- _Task objective_: Instruction for the data below: set down exactly the lines from the line with "Begagnad Ford Bronco" to the line with "Clown Spaghetti sorgte", inclusive, and no others.

- _Data provided_:
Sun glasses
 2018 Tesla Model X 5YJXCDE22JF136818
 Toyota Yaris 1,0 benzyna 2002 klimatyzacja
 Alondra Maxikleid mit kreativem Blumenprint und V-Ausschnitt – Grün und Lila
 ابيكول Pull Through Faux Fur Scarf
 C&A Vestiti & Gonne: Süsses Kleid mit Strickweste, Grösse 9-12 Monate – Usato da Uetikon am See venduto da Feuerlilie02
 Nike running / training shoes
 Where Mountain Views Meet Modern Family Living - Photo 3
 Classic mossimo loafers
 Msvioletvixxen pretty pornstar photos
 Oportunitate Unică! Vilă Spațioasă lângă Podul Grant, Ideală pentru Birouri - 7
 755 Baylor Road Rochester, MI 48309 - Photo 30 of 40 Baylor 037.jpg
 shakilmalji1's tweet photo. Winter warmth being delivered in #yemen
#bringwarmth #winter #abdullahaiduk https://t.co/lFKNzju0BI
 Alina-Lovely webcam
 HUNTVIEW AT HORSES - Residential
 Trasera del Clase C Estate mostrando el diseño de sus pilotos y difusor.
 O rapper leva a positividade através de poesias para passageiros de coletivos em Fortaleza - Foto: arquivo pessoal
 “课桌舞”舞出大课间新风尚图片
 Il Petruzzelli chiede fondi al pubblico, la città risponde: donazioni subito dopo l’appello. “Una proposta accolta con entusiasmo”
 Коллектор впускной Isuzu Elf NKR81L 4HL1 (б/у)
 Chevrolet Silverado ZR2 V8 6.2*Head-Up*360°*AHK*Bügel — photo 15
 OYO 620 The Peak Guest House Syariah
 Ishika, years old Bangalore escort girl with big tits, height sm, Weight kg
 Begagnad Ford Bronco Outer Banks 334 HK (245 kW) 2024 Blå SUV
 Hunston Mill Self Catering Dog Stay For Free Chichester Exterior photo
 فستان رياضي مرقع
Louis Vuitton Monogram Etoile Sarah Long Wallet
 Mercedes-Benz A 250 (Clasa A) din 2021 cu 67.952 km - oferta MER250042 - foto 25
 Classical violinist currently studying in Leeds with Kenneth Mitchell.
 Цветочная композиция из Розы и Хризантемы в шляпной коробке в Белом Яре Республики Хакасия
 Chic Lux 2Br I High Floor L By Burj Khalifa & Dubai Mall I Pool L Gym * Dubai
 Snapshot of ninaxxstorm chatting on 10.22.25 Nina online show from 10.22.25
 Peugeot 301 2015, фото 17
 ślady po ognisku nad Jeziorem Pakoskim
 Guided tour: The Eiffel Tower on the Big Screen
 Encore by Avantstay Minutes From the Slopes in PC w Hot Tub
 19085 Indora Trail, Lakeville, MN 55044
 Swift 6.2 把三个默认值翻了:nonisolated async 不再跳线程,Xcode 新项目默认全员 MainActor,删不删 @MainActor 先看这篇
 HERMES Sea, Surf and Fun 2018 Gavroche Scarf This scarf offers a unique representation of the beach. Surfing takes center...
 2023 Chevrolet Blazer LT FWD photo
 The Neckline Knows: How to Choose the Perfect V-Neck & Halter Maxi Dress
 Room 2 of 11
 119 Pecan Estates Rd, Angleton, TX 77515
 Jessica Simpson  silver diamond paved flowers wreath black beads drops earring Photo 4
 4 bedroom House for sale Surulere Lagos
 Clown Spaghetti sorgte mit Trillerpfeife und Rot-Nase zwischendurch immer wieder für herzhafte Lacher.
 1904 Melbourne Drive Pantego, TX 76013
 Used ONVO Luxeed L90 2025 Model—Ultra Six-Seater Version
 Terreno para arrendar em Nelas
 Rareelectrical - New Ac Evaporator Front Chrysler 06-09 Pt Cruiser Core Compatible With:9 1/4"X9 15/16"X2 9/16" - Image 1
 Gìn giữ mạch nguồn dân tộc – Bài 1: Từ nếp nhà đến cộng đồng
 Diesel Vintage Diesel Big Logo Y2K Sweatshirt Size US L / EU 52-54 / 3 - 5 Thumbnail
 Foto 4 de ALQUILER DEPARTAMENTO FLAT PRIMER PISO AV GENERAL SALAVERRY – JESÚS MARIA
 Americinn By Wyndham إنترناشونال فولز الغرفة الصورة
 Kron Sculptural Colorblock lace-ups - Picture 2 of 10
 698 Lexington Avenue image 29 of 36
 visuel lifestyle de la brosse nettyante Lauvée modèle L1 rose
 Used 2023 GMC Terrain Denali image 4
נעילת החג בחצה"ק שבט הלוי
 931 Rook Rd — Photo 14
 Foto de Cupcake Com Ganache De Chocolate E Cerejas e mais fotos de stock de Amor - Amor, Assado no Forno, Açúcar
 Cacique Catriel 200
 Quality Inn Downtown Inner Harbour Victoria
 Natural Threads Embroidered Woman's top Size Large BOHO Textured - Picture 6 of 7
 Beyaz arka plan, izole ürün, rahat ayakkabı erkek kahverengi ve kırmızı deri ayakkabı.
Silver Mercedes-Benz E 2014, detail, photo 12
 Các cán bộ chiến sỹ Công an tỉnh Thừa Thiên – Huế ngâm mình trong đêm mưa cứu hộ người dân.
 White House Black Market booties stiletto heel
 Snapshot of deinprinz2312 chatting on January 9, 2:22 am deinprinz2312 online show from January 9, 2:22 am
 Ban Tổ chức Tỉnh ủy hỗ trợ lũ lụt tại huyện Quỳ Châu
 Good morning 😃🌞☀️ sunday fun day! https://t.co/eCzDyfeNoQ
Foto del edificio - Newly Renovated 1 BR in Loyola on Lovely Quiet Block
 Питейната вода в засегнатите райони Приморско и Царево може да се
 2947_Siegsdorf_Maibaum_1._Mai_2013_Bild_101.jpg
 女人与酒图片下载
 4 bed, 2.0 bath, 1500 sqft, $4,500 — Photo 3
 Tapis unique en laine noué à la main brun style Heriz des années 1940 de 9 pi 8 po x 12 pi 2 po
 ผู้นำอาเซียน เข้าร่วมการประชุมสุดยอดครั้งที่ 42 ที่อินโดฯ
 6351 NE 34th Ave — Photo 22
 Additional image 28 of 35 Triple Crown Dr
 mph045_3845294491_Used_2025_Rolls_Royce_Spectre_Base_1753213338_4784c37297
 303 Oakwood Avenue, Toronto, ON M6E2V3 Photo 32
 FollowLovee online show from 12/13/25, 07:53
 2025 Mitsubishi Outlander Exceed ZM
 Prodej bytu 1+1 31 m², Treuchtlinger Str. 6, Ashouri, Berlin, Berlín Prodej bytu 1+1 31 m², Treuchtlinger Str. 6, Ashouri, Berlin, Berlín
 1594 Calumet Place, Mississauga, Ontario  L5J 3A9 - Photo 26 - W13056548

- _Exercise response_:
 Begagnad Ford Bronco Outer Banks 334 HK (245 kW) 2024 Blå SUV
 Hunston Mill Self Catering Dog Stay For Free Chichester Exterior photo
 فستان رياضي مرقع
Louis Vuitton Monogram Etoile Sarah Long Wallet
 Mercedes-Benz A 250 (Clasa A) din 2021 cu 67.952 km - oferta MER250042 - foto 25
 Classical violinist currently studying in Leeds with Kenneth Mitchell.
 Цветочная композиция из Розы и Хризантемы в шляпной коробке в Белом Яре Республики Хакасия
 Chic Lux 2Br I High Floor L By Burj Khalifa & Dubai Mall I Pool L Gym * Dubai
 Snapshot of ninaxxstorm chatting on 10.22.25 Nina online show from 10.22.25
 Peugeot 301 2015, фото 17
 ślady po ognisku nad Jeziorem Pakoskim
 Guided tour: The Eiffel Tower on the Big Screen
 Encore by Avantstay Minutes From the Slopes in PC w Hot Tub
 19085 Indora Trail, Lakeville, MN 55044
 Swift 6.2 把三个默认值翻了:nonisolated async 不再跳线程,Xcode 新项目默认全员 MainActor,删不删 @MainActor 先看这篇
 HERMES Sea, Surf and Fun 2018 Gavroche Scarf This scarf offers a unique representation of the beach. Surfing takes center...
 2023 Chevrolet Blazer LT FWD photo
 The Neckline Knows: How to Choose the Perfect V-Neck & Halter Maxi Dress
 Room 2 of 11
 119 Pecan Estates Rd, Angleton, TX 77515
 Jessica Simpson  silver diamond paved flowers wreath black beads drops earring Photo 4
 4 bedroom House for sale Surulere Lagos
 Clown Spaghetti sorgte mit Trillerpfeife und Rot-Nase zwischendurch immer wieder für herzhafte Lacher.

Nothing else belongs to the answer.